I heard that it is good practice to have header files associated with each source file. Because of this, I could have file titled 'ReadInputs.h' which contains the prototype for the ReadInputs() function found in 'ReadInputs.c' My first question, is it necessary to have such a simple small header file? As of now, 'ReadInputs.h' only includes a single prototype. Is it possible to include this prototype in an overall header file? In my case, I have an overall header file titled 'Definitions.h' which includes the prototype ReadInputs.

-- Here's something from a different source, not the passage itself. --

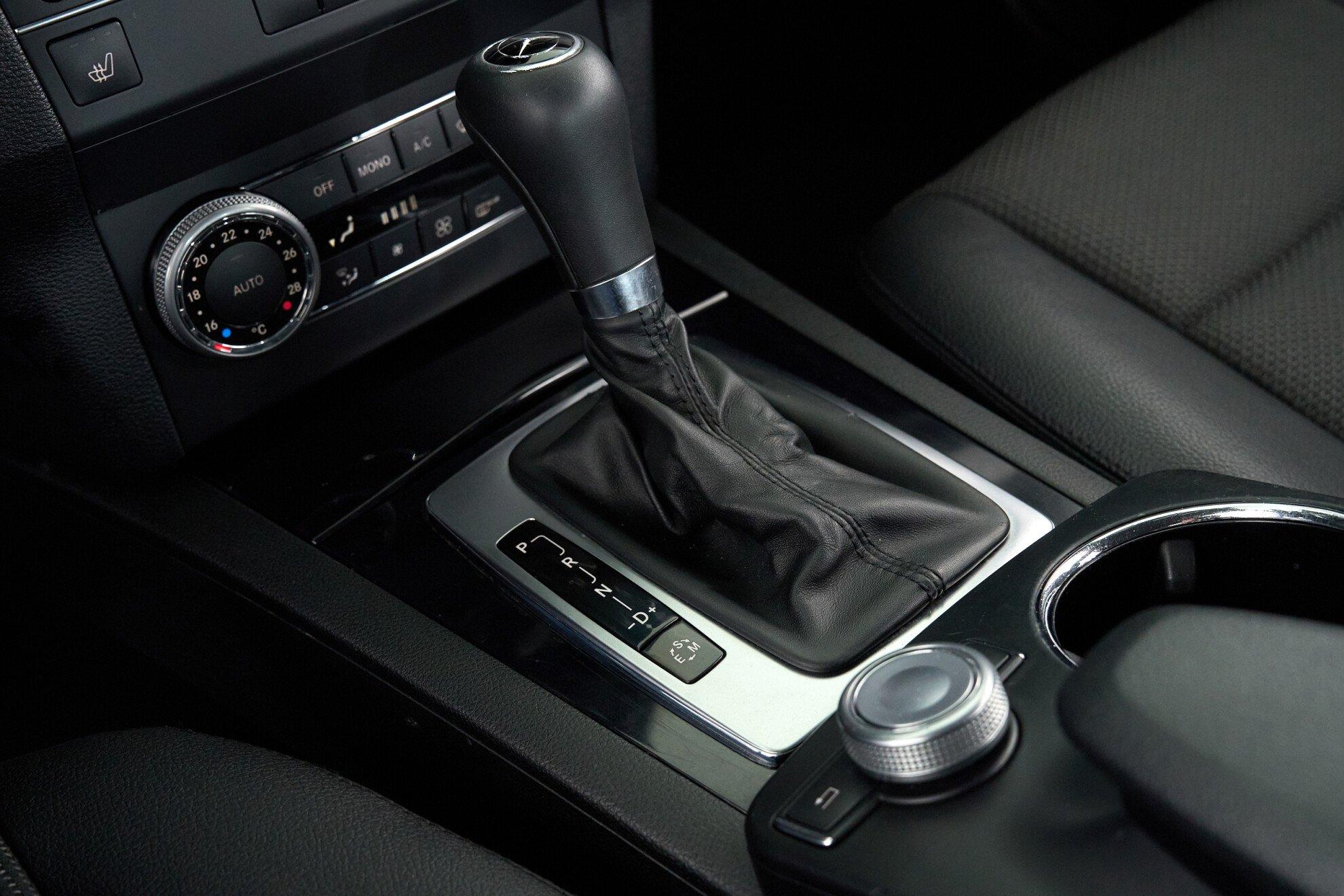 Mercedes-Benz GLK-Класс 2012, белый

Question 2: Because I want to share variables between each source file, I am using the following method:

I declare a variable in 'main.c' called Var. In the 'Definitions.h' header file, I extern Var. In every other source file, I #include Definitions.h. I believe this will allow the variable to be shared globally. Is this a correct assumption?

Sorry for the wall of text. Any help is appreciated!

Answer 1

For your first question, yes, this happens frequently.

For example, consider a set of files implementing a balanced tree, with different C source files for insert, delete find and so on. This is often done for better build processes, such as only having to recompile the insert file if that's the only thing you've changed.

However, you want the users of your code to only have to include a single btree.h so you just lump all the function prototypes (and other things) into there.

So you'll end up with something like:

btree.h            - public stuff
btree_priv.h       - private stuff
btreeInsert.c      - individual functions
btreeDelete.c
btreeFind.c
btreeRebalance.c
btreeIterate.c

with the btree_priv.h file holding enough information, above and beyond the user header btree.h , to allow the individual functions in their own source files to know about each other and the "hidden" data structures.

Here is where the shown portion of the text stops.